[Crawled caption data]

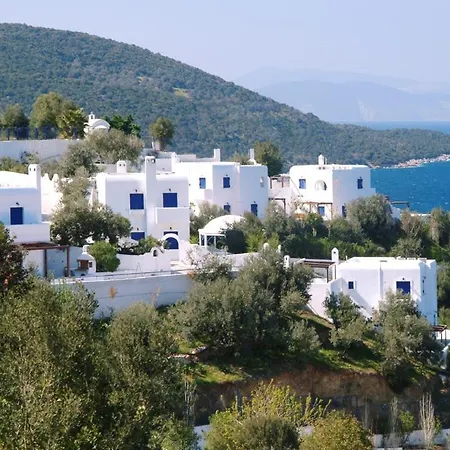 בית נופש Elia Coast Residences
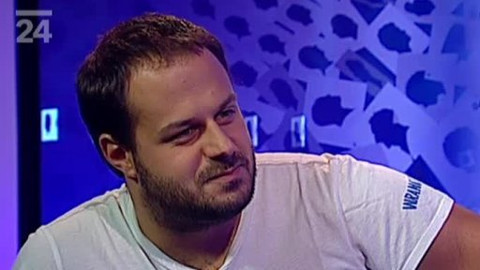 Před půlnocí - 8. února 2012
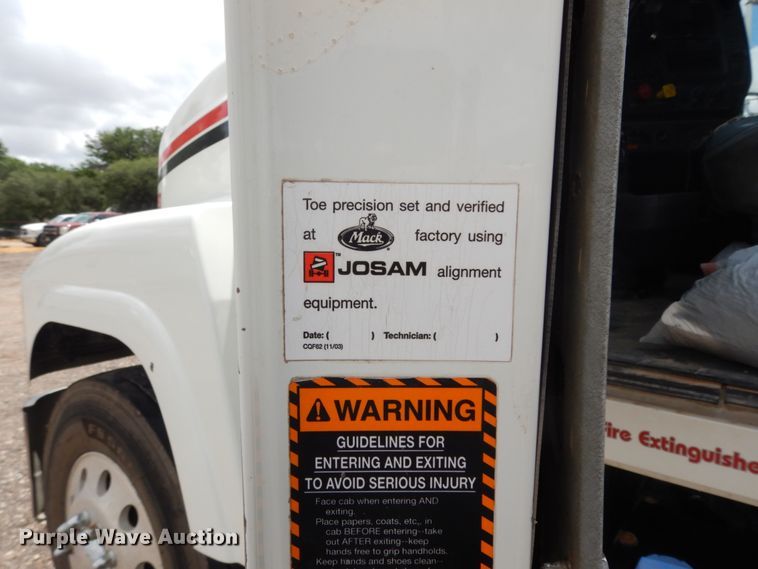 image for item DM6287 2012 Mack CHU613  semi truck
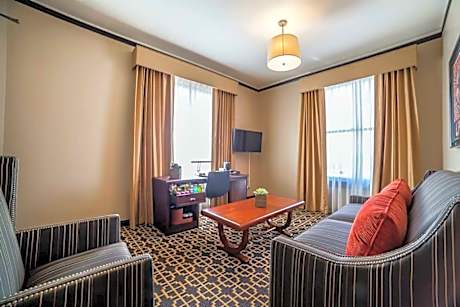 1 King Bed 1 Bedroom Suite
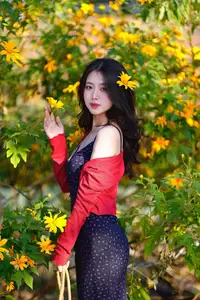 Elegant Asian Girl Portrait with Golden Flowers in Afternoon Sun 1000024552-11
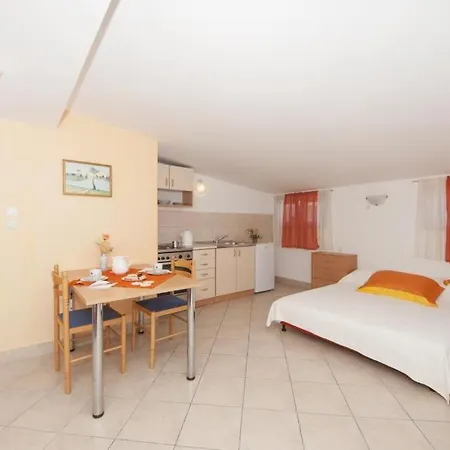 Jasenka Supetar St Apartment *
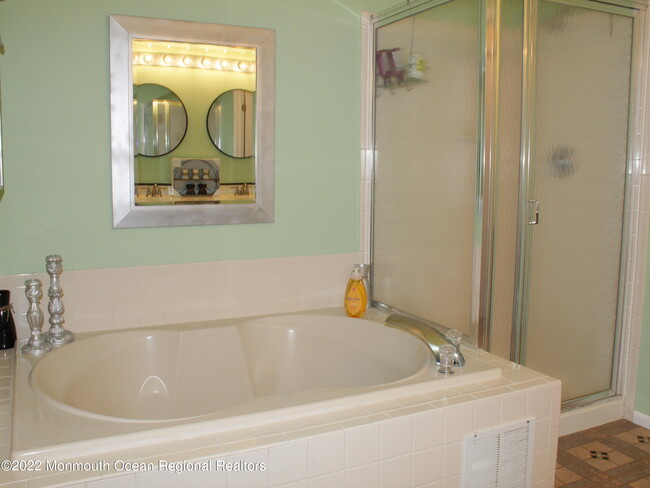 Building Photo - 5002 Trotters Way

▶ [TASK OBJECTIVE] Each entry above should be restated word for word, though no picture may appear in the copy.

▶ [WRITTEN SOLUTION]
 בית נופש Elia Coast Residences
 Před půlnocí - 8. února 2012
 image for item DM6287 2012 Mack CHU613  semi truck
 1 King Bed 1 Bedroom Suite
 Elegant Asian Girl Portrait with Golden Flowers in Afternoon Sun 1000024552-11
 Jasenka Supetar St Apartment *
 Building Photo - 5002 Trotters Way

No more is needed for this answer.